### [Listed records]
# # # # # # #
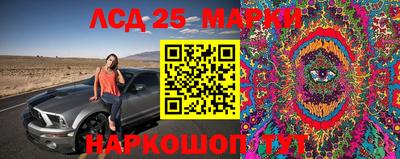 PSILOCYBIN Краснознаменск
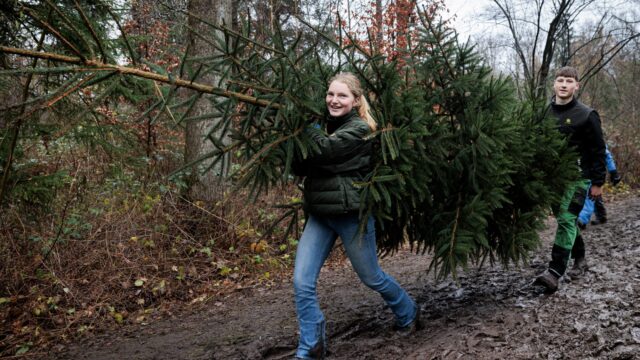 Wordt het een warme of witte kerst? 'Best bizar, het lijkt eerder lente dan december'
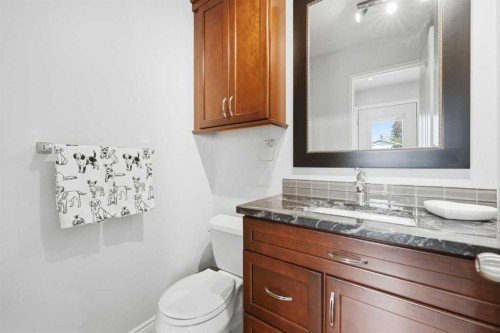 224 Erin Dale Place Se, Calgary, AB - Indoor Photo Showing Bathroom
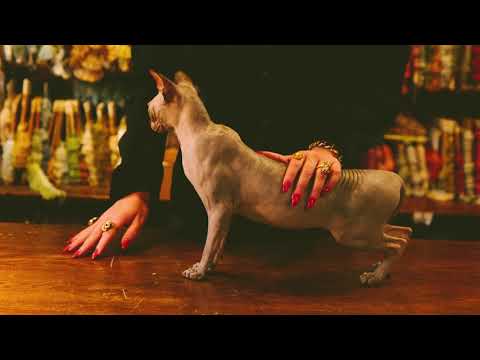 La Zarra - Fleur oubliée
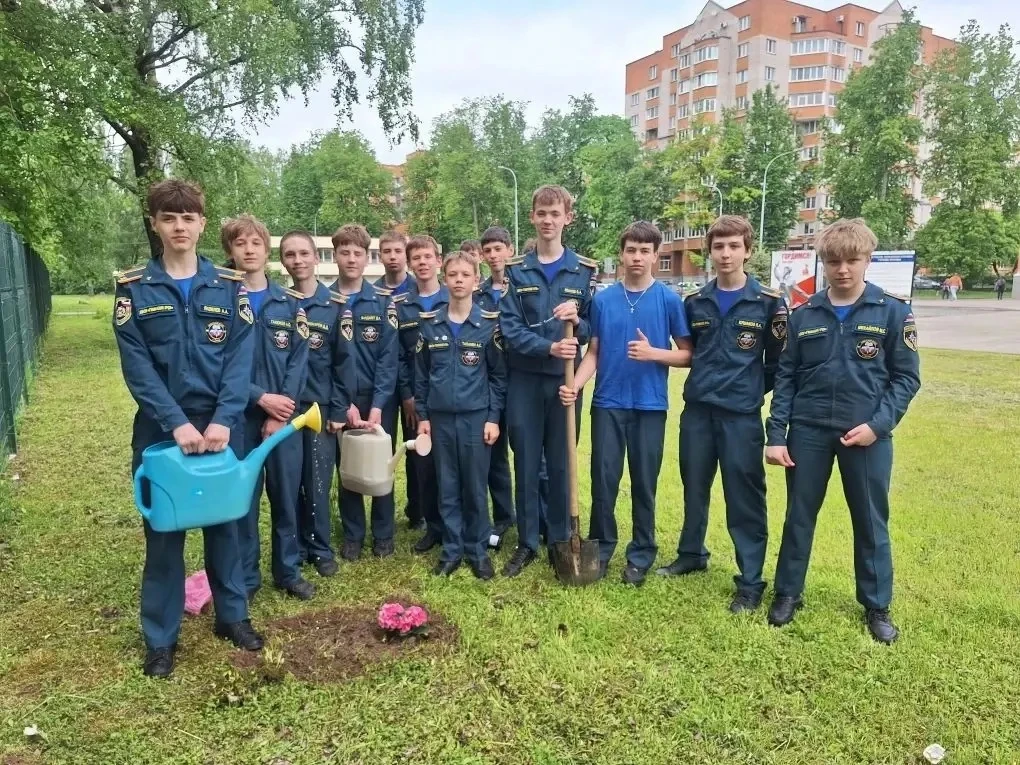 🌺Сад гортензий: цветы памяти и благодарности🌺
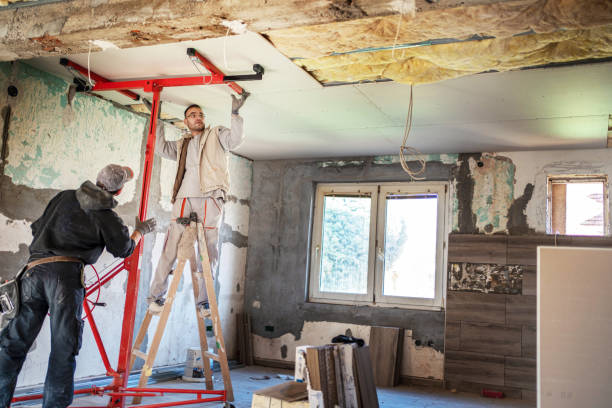 Best Attic Insulation Near Me  in Felton, DE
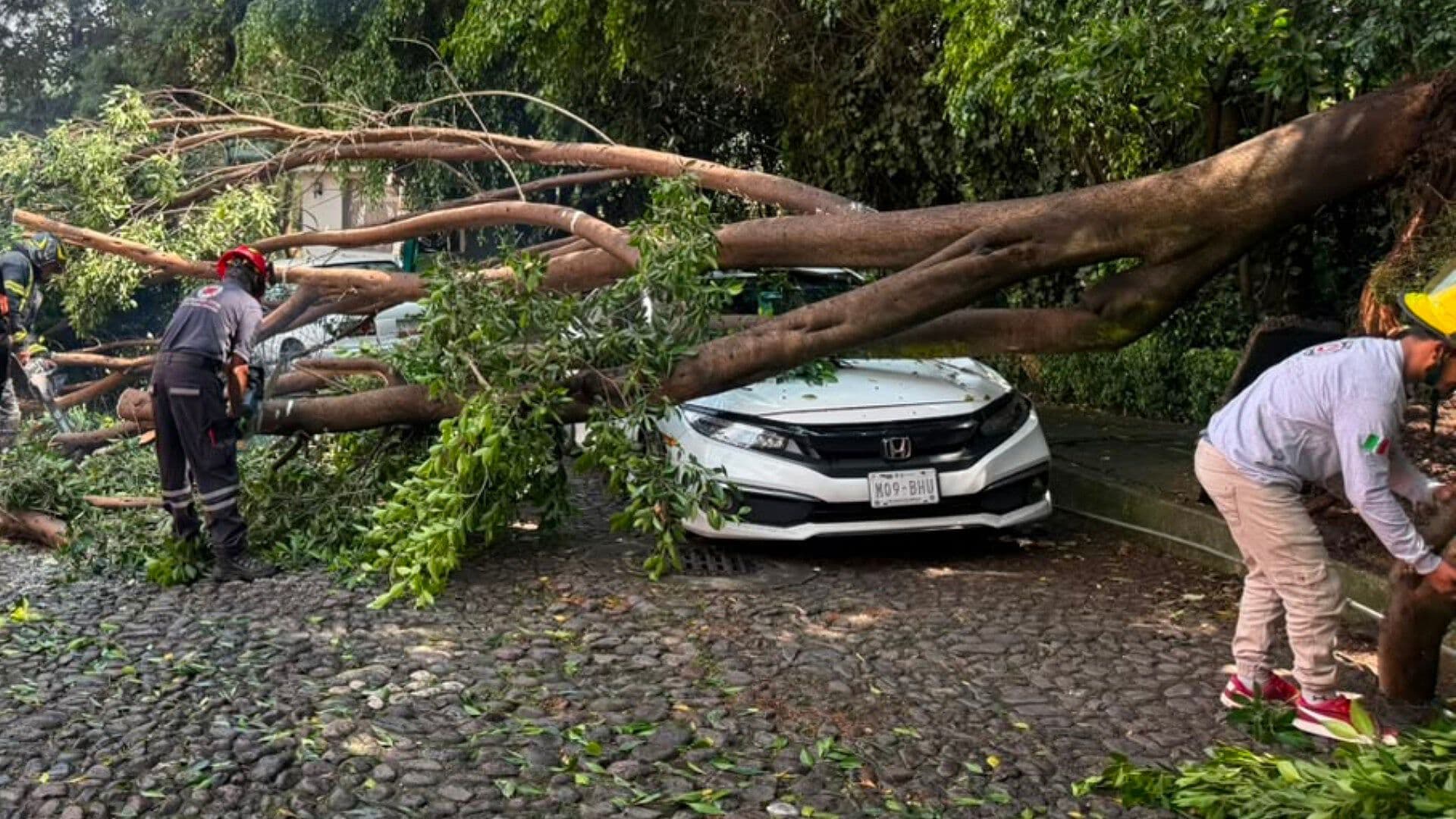 Auto Queda Destrozado por un Árbol que Cayó en la Alcaldía Álvaro Obregón, CDMX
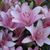 Susan Wiegand Fuller's profile image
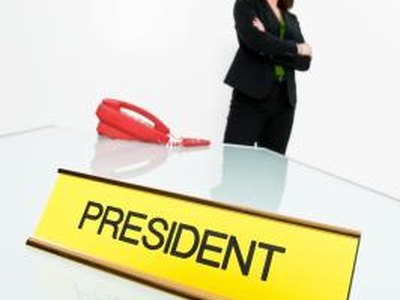 What Title Do I Use if I Am the Head of an LLC? What Title Do I Use if I Am the Head of an LLC?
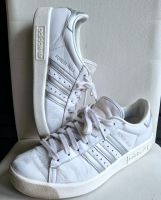 Adidas Sneaker ❤ Größe 43 1/3 ❤️ Schuhe Forest Hill Nordrhein-Westfalen - Krefeld Vorschau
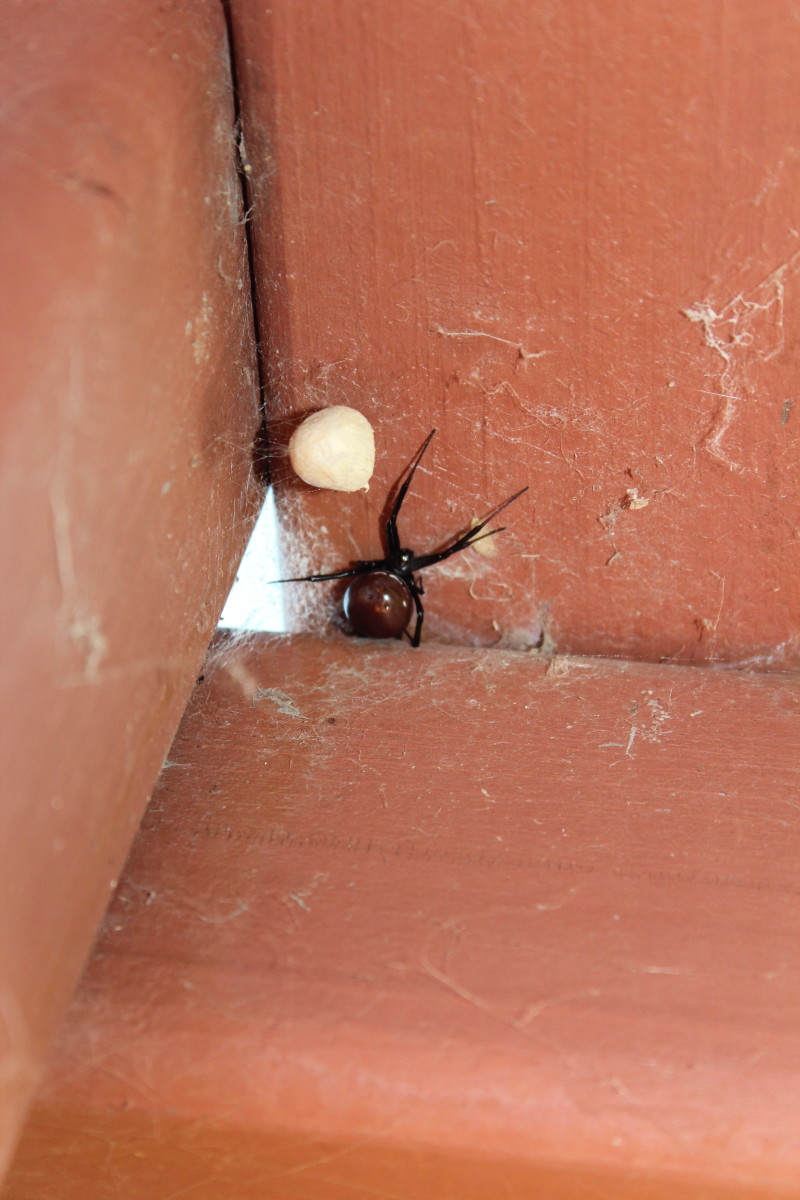 Black Widows in Spring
# # # # # # #
### [Prompt]
Every entry above should be duplicated exactly. Do not include the images.

### [Result of this exercise]
 PSILOCYBIN Краснознаменск
 Wordt het een warme of witte kerst? 'Best bizar, het lijkt eerder lente dan december'
 224 Erin Dale Place Se, Calgary, AB - Indoor Photo Showing Bathroom
 La Zarra - Fleur oubliée
 🌺Сад гортензий: цветы памяти и благодарности🌺
 Best Attic Insulation Near Me  in Felton, DE
 Auto Queda Destrozado por un Árbol que Cayó en la Alcaldía Álvaro Obregón, CDMX
 Susan Wiegand Fuller's profile image
 What Title Do I Use if I Am the Head of an LLC? What Title Do I Use if I Am the Head of an LLC?
 Adidas Sneaker ❤ Größe 43 1/3 ❤️ Schuhe Forest Hill Nordrhein-Westfalen - Krefeld Vorschau
 Black Widows in Spring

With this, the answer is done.